C’était une espèce de demi-galère portant cent-vingt hommes d’équipage et une chiourme de quarante avirons. Quatre pierriers en batterie étaient à son arrière, et un canon de neuf pieds de long et de six livres de balles, était braqué à son avant. La profondeur de cette pirogue était de cinq pieds et sa légèreté telle, qu’elle ne tirait pas plus d’un pied et demi d’eau ; elle pouvait ainsi remonter les rivières jusqu’à une certaine hauteur.
Celle dont nous nous occupons, nommée le San Juan de Dios avait deux mâts portant des voiles latines ; mais en ce moment ces mâts étaient couchés sur des chandeliers, c’est-à-dire sur de longues fourches de fer, plantées au milieu du bâtiment.
Le San Juan de Dios avait quitté la Havane un peu avant le lever du soleil, mais aussitôt au large le capitaine l’avait fait démâter, les avirons avaient été garnis aux portants et on ne s’était plus avancé qu’à la rame.

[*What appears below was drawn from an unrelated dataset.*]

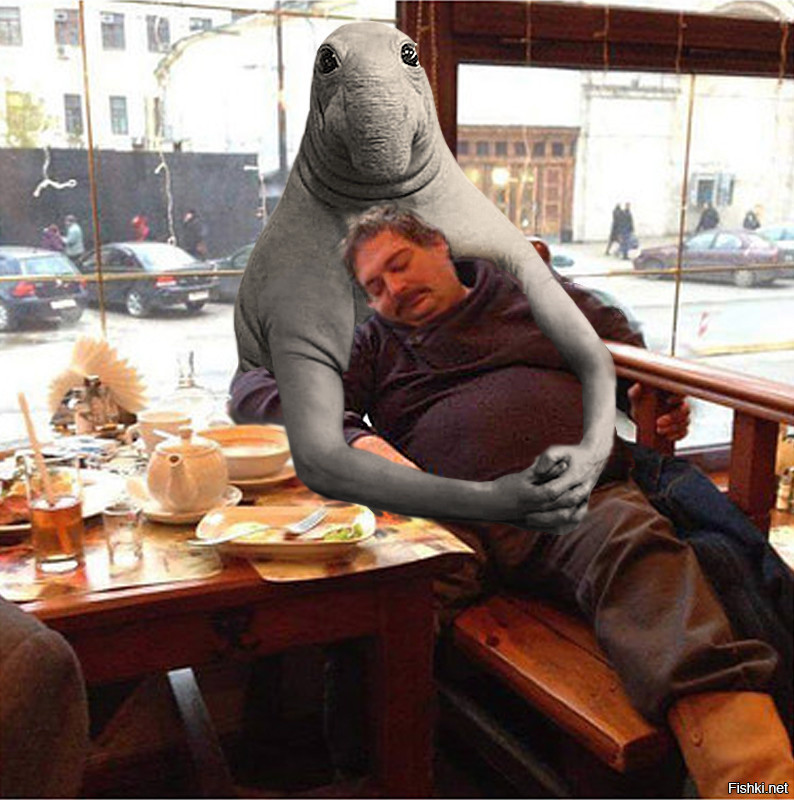 Ждун и Жрун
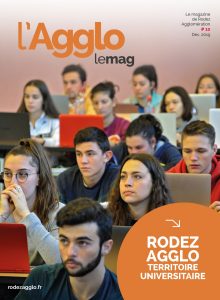 L'agglo, la mag n°10, décembre 2019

Au moment où nous reprenons notre récit, excepté le capitaine qui, une longue-vue de nuit à la main, semblait interroger anxieusement la pleine mer et se promenait avec agitation à l’arrière, la vigie placée près du canon de chasse, et le matelot qui tenait le gouvernail, tout l’équipage semblait dormir, sauf bien entendu la chiourme qui, excitée par les comités, manœuvrait machinalement le bâtiment.
Cette chiourme était entièrement composée d’esclaves caraïbes ; pauvres misérables Indiens que les Espagnols traitaient avec une dureté extrême, et dont l’esclavage était cent fois plus dur que celui que les musulmans imposaient aux chrétiens, quand ils tombaient entre leurs mains.
Cependant près du panneau de l’arrière, et à demi-dissimulés au milieu d’un fouillis de voiles, deux hommes assis l’un à côté de l’autre et le dos appuyé contre une embarcation légère, le seul canot que possédât la pirogue, causaient entre eux à voix basse avec une certaine animation.